En un post anterior tengo dicho que el padre del novio, el suegro de la novia, es un sablista de libro. También creo haber especulado con la posibilidad de que acabara pidiendo, o lo hubiera hecho ya, dinero al Rey de Oros, padre de la novia y suegro implacable del novio. No, no sé si habré acertado o no.
Debo confesar, a estas alturas, que la información que me llega de la pareja es escasa o irrelevante y, si unimos a eso mi natural flojera, se puede explicar la falta de actualizaciones del blog. Qué le vamos a hacer. Tampoco debe haber mucha gente leyéndolo.
En todo este tiempo lo único destacable es que el Rey de Oros le ha puesto un local al novio para que instale en él su negocio. Por ahí tengo dicho, perdón, quiero decir escrito, cómo se las apaña para matar el tiempo. Ah! Por si alguno podía dudarlo: el local no está a nombre del novio. Ya dije que el dogal era de cable de muy buen acero. Creo que el novio paga la luz y el agua, aunque de ninguna de las dos cosas hará un gran consumo.

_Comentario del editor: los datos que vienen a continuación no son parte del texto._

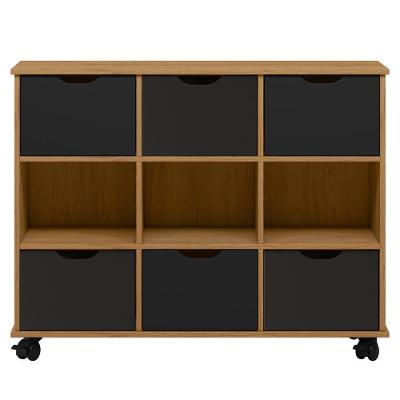 Nicho Organizador 6 Gavetas Com Rodízios Freijó-preto - Qmovi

Bueno, a lo que iba, que siempre acabo subido a las ramas, debe ser la herencia de los primates: el suegro del novio tiene varios negocios en marcha. El que posiblemente más contribuye a su fortuna (o al menos el más seguro) es un establecimiento que está abierto al público. La gente acude y, a cambio de dinero, se lleva determinada mercancía que deja un muy buen margen. La naturaleza del negocio no es precisamente favorable a transacciones a crédito, o a plazos; todo es “cash” o a lo sumo tarjeta de crédito, que viene a ser lo mismo. El valor de la mercancía, considerada por unidades, no es muy alto. No hablamos de coches, electrodomésticos ni cosas por el estilo. Te la llevas en una bolsita.
Y aquí aparece el sablista, el consuegro del figura de la baraja. Se ve que ha cogido la costumbre de acudir al negocio, solicitar mercancía, llevársela y pedir que anoten su importe en la cuenta del hijo. Todo esto sin conocimiento del novio, es decir del coprotagonista de nuestra historia y figura estelar del blog.
Ea, el otro día la madre del novio recibe una llamada de su hijo llorándole porque el importante suegro le había llamado (tal vez por persona interpuesta) afeándole la práctica comercial de su padre y advirtiéndole que “la cuenta” había llegado a una cierta cantidad. El dolido novio se quejaba de la vergüenza que le habían hecho pasar, de las cosas que tenía su padre y tal. No recuerdo exactamente la contestación de la madre ni creo que sea relevante. En resumen vino a decirle que cubriera la deuda y pidiera al espabilado consumidor abstenerse en el futuro de repetir, al menos con el consuegro, tan peculiar modo de adquirir bienes o servicios. Supongo que es lo correcto.
Pero ¿a cuánto ascendía la “púa”? ¿En cuánto estaba perjudicando el tarambana la salud comercial del potentado que manda cortar y coser sus trajes a medida en Hong-Kong? En nada menos que veinte y siete euros. Veinte y siete. Una pequeña fortunita. No me atrevo a poner la cantidad en pesetas no me haga overflow el blog. ¿Tenía dicho lo que le esperaba al novio?
Luego pensé: yo hubiera ido a la tienda, cubierto la deuda y entregado a cuenta otros cien o doscientos euros más para ir cubriendo sucesivas “extracciones” de mercancía, con el encargo de avisar cuando se fueran agotando. Habría sido un buen hostión pero claro, a lo mejor le dicen: “oye, chulete, que esos cien euros también son míos”.
Tonterías las justas y la mierda te la tragas a calderos, que te piras con lo puesto.